Please keep pictures out and return the lines below exactly, from the one holding "Farmhouse Black Wood Dining Table" through the last, both included.
══ Dataset content
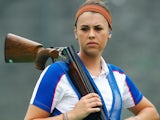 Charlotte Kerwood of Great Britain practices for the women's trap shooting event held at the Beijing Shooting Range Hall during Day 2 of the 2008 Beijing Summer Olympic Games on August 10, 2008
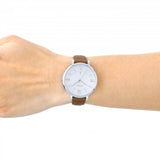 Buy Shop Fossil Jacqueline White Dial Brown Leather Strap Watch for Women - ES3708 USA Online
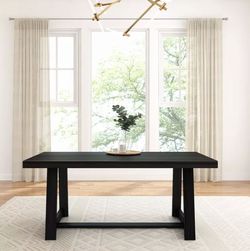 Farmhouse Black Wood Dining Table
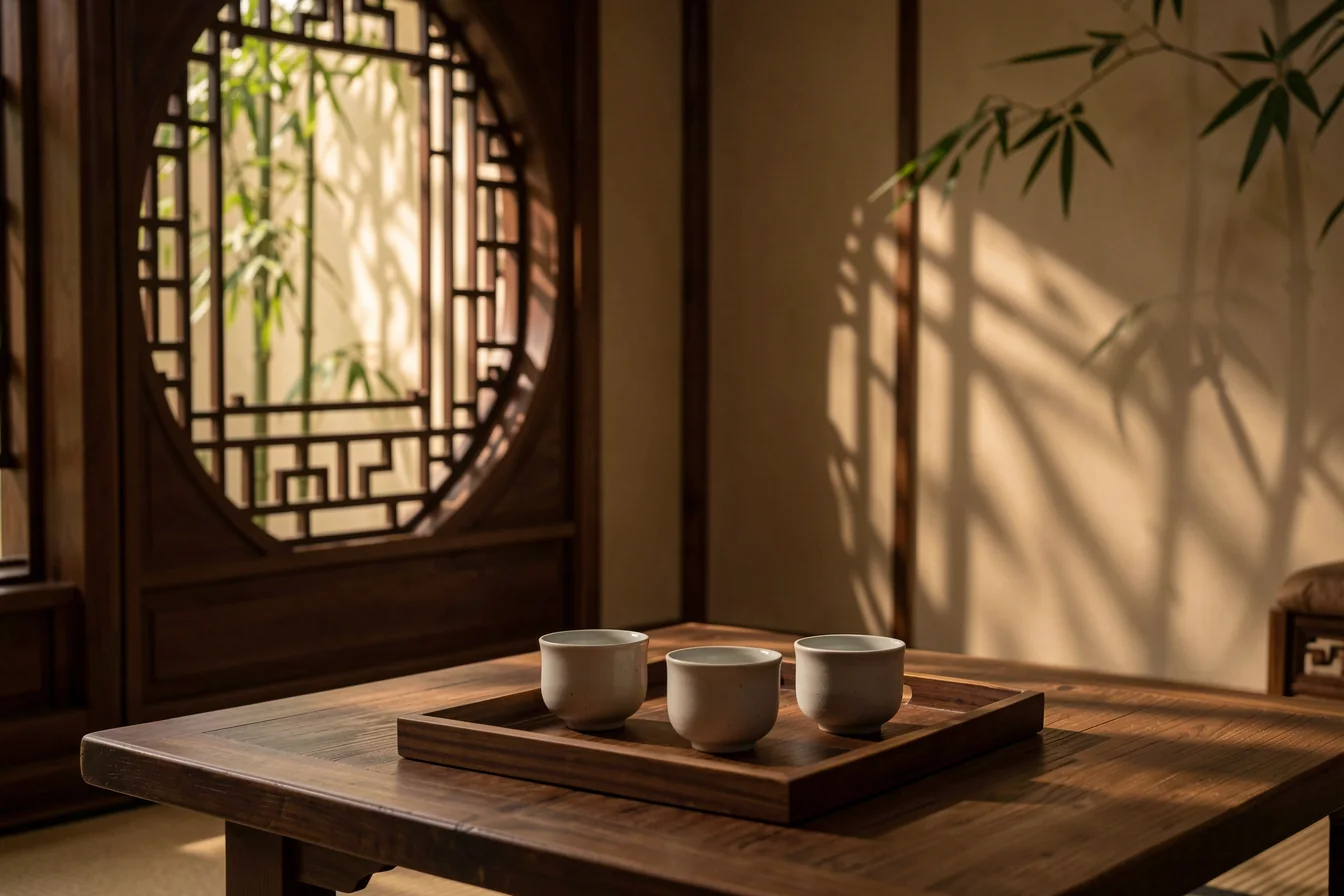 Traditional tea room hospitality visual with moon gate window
════
Exercise result:
 Farmhouse Black Wood Dining Table
 Traditional tea room hospitality visual with moon gate window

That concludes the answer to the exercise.